Homework 3 Solutions

22C:116, Fall 1999

Douglas W. Jones

Part A: If the array A initially contains SIZE distinct values randomly arranged in its cells, as the sorter threads operate, why is it possible for values to be lost?
The sorter thread contains a critical section in the code to exchange two consecutive items in the array. Because this critical section is not properly protected, two sorter threads attempting to exchange adjacent pairs of items may lose one of the items and duplicate another.

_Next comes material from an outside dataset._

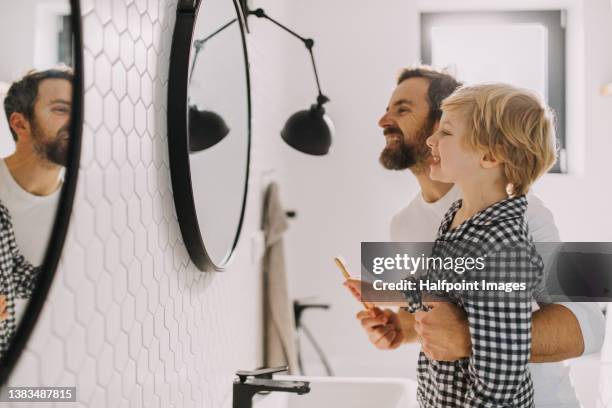 father with small child indoors in bathroom in the morning at home, brushing teeth. - lavarsi i denti foto e immagini stock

Part B: Eliminate as few as possible of the calls to may() to eliminate the problem you identified in part a:
```
	if (a[n] > a[n1]) {
		int t;
		may();
		t = a[n];
		-- may eliminated
		a[n] = a[n1];
		-- may eliminated
		a[n1] = t;
		may();
	}
```
The above code fragment contains all of the changes; the remainder of the code needs no changes. Note that eliminating exactly 2 calls to may solves the problem with data loss, but that, if we eliminate one more (the first listed above), additional problems are solved, for example, extra exchanges caused by interference between the comparison and the exchange step.
Part C: Give a solution to the you problem identified in part a that uses semaphores and that maximizes the potential for parallelism in this program.
```
	-- add a new global data structure
	semaphore asem[SIZE];

	-- initialize all the semaphores in main()
	for (i = 0; i < SIZE; i++)
		thread_semaphore_init( &asem[i], 1 );

	-- use the semaphores for mutual exclusion in sorter_thread()
	if (a[n] > a[n1]) {
		int t;
		thread_wait( &asem[n] );
		may();
		t = a[n];
		thread_wait( &asem[n1] );
		may();
		a[n] = a[n1];
		thread_signal( &asem[n] );
		may();
		a[n1] = t;
		thread_signal( &asem[n1] );
		may();
	}
```
The above code is deadlock free but does not maximize concurrency. It is possible for all the threads but one to hold one variable while awaiting the next. That one, with the highest subscript value, will run, allowing the others to run. A higher degree of concurrency can be obtained by the following version:
```
	if (a[n] > a[n1]) {
		int t;
		if (n & 1) {
			thread_wait( &asem[n] );
			thread_wait( &asem[n1] );
		} else {
			thread_wait( &asem[n1] );
			thread_wait( &asem[n] );
		}
		may();
		t = a[n];
		may();
		a[n] = a[n1];
		thread_signal( &asem[n] );
		may();
		a[n1] = t;
		thread_signal( &asem[n1] );
		may();
	}
```
Part A: Which would give fewer page faults in a virtual memory environment, a boundary tag heap manager that searches the heap starting from the start whenever it needs a free block, or the same heap manager, but always searching from the point where it most recently made an allocation?
The idea of searching from the point of last allocation leads to a relatively uniform distribution of free blocks and used blocks throughout the heap, while searching always from the start leads to a high likelyhood that the free-space fratments at the start will be very small, while the big fragments will be at the other end of the heap. As a result, searching from one end tends to maintain a very compact heap, with the allocated data items clustered near the start.
The compaction of allocated data that results from starting always at the head of the heap leads to the allocated data occupying fewer pages of memory, and this, in turn, leads to fewer page faults during the execution of the user program.

Part B: In general, what is the relationship between fragmentation in the heap and the rate at which the application program suffers page faults?
In general, fragmentation causes the number of pages occupied by user data structures to expand, and this increases the number of page faults required to run the user program.